The good thing is this is actually an actionable plan and she can quickly take into dancing classes. Then she can come home post on Facebook and even show him and say he dear look at this it was so much fun. I’m sure he’ll be pissy and that’s when the conversation leads to you do A, I do A.

.


Nucking Futs said:


> Annizka, maybe you should think about taking up bjj yourself. It's good exercise and everyone should know how to defend themselves. You could go with your husband and might find by rolling around with the other men in the class that you have nothing to worry about. Or he might suddenly get your point.


----------



## Cletus (Apr 27, 2012)

ConanHub said:


> Is there another reason to buy a dishwasher???>


Nope. She thought it was for her.


----------



## TheDudeLebowski (Oct 10, 2017)

I don't think some of you understand the mindset of a person rolling with a sparing partner and the physical aspects involved. Your goal is to reach what is called a zen state where there is really no thinking involved, you are instead reacting to your partners movements. Like muscle memory. If you think to much, you will lose the battle 9 times out of 10. So I dont think rolling causes one to have sexual thoughts. Any mental distractions isn't going to bode well for you in a sparing match. 

Now top that off, you are exerting all of your physical efforts into this. It is extremely tiring to roll. Ive had a long day from work and it turned me off from sex because I was too tired. I'm sure practically everyone has experienced this. 

Now imagine using all of your physical strengths, while simultaneously trying to reach a zen state of mind where you're actually shutting off your brain to any thought and simply reacting to your partners movements using muscle memories established from years of training. I don't know where sexual thought would have any place to enter into that equation at all.


----------



## As'laDain (Nov 27, 2011)

TheDudeLebowski said:


> I don't think some of you understand the mindset of a person rolling with a sparing partner and the physical aspects involved. Your goal is to reach what is called a zen state where there is really no thinking involved, you are instead reacting to your partners movements. Like muscle memory. If you think to much, you will lose the battle 9 times out of 10. So I dont think rolling causes one to have sexual thoughts. Any mental distractions isn't going to bode well for you in a sparing match.
> 
> Now top that off, you are exerting all of your physical efforts into this. It is extremely tiring to roll. Ive had a long day from work and it turned me off from sex because I was too tired. I'm sure practically everyone has experienced this.
> 
> Now imagine using all of your physical strengths, while simultaneously trying to reach a zen state of mind where you're actually shutting off your brain to any thought and simply reacting to your partners movements using muscle memories established from years of training. I don't know where sexual thought would have any place to enter into that equation at all.
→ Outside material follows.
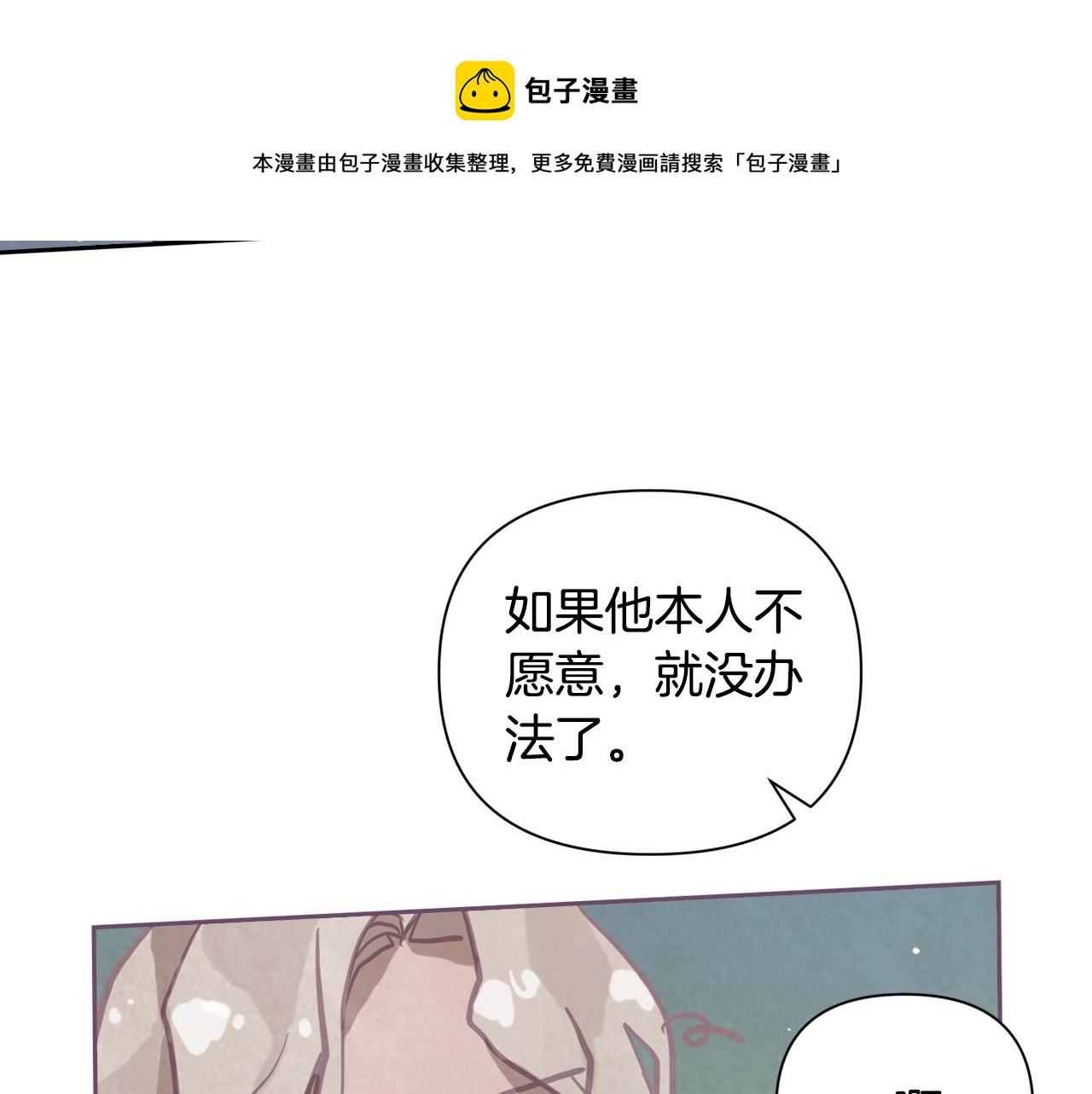第8话 加入骑士团140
only people who have practiced it would really understand that...

what i dont know, however, and OP does not know either since she has never been to one of his practice sessions, is if her husband is actually sparring with these women or just practicing form. there is a big difference. i would be suspicious of anyone who only wants to practice form. without sparring, you have no idea where you actually need to improve.


----------



## MovingForward (Jan 19, 2017)

Its a sport and nothing sexual about it at all.


----------



## bkyln309 (Feb 1, 2015)

I used to train in Krav Maga. I always got partnered with the men as my level was higher and I was more aggressive in it than most women. There is nothing sexual in defense training. You are there to kick butt!


----------



## concernedhub (Feb 15, 2018)

I think that is an idealized version I just went and looked at some picture.in some cases it’s guy directly on top crotch to crotch. In others it’s a leg around neck with face to the training partners crotch.

While it may in fact be sport, there’s no doubt there’s some sensuality too it. If I was doing it I would be very aware of the position I was in with her. 

While some may be ok I can easily see why many would not. I’d just like to think a spouse would consider their spouses feeling on it and not put them I bad spot.



MovingForward said:


> Its a sport and nothing sexual about it at all.


----------



## As'laDain (Nov 27, 2011)

concernedhub said:


> I think that is an idealized version I just went and looked at some picture.in some cases it’s guy directly on top crotch to crotch. In others it’s a leg around neck with face to the training partners crotch.
> 
> While it may in fact be sport, there’s no doubt there’s some sensuality too it. If I was doing it I would be very aware of the position I was in with her.
> 
> While some may be ok I can easily see why many would not. I’d just like to think a spouse would consider their spouses feeling on it and not put them I bad spot.


if you were aware of any sensuality while sparring, you would quickly get your butt kicked. you would learn pretty quick to not get distracted by such things. 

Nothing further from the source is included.